TASK INSTRUCTIONS. Only the lines from the one containing "A joyful person" through the end of the data below are to be repeated, exactly as given, without pictures.

[SUPPLIED ENTRIES]

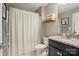 Well-lit bathroom featuring a granite countertop, wooden shelves, and a shower curtain at 475 Hunton Forest Nw Dr, Concord, NC 28027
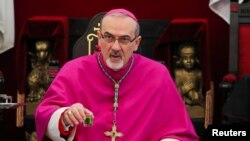 FILE - Pierbattista Pizzaballa, the Latin Patriarch of Jerusalem, waits before crossing into Israeli-occupied West Bank town of Bethlehem to attend Christmas celebrations, in Jerusalem, Dec. 24, 2021.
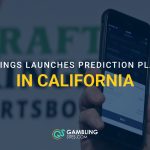 Person holding a smartphone displaying a sports prediction platform in front of a DraftKings Sportsbook sign.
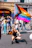A joyful person holding a rainbow flag in a lively urban neighborhood.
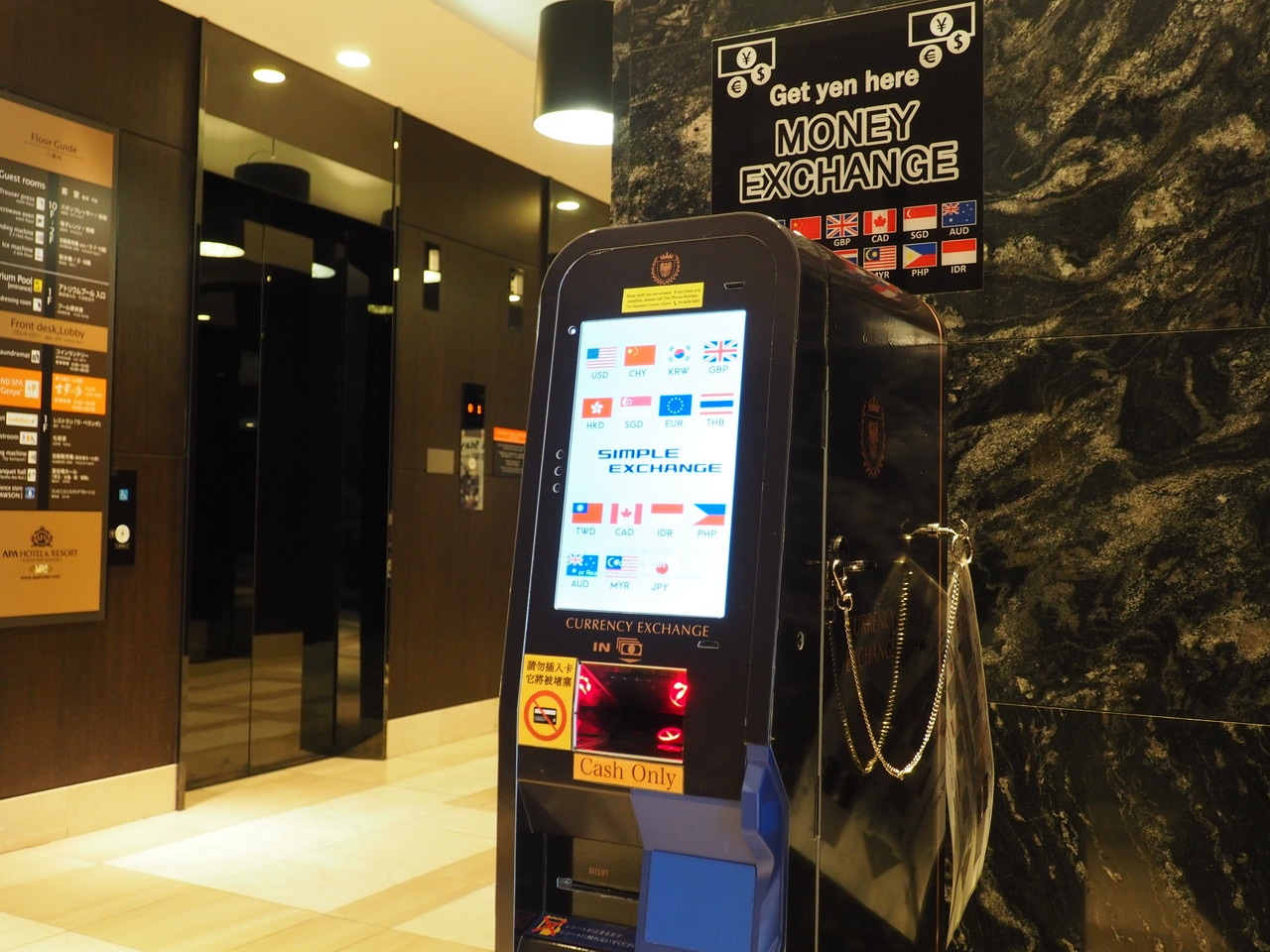 A currency exchange machine is located in the lobby on the 1st floor.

[/SUPPLIED ENTRIES]

WRITTEN ANSWER.
A joyful person holding a rainbow flag in a lively urban neighborhood.
 A currency exchange machine is located in the lobby on the 1st floor.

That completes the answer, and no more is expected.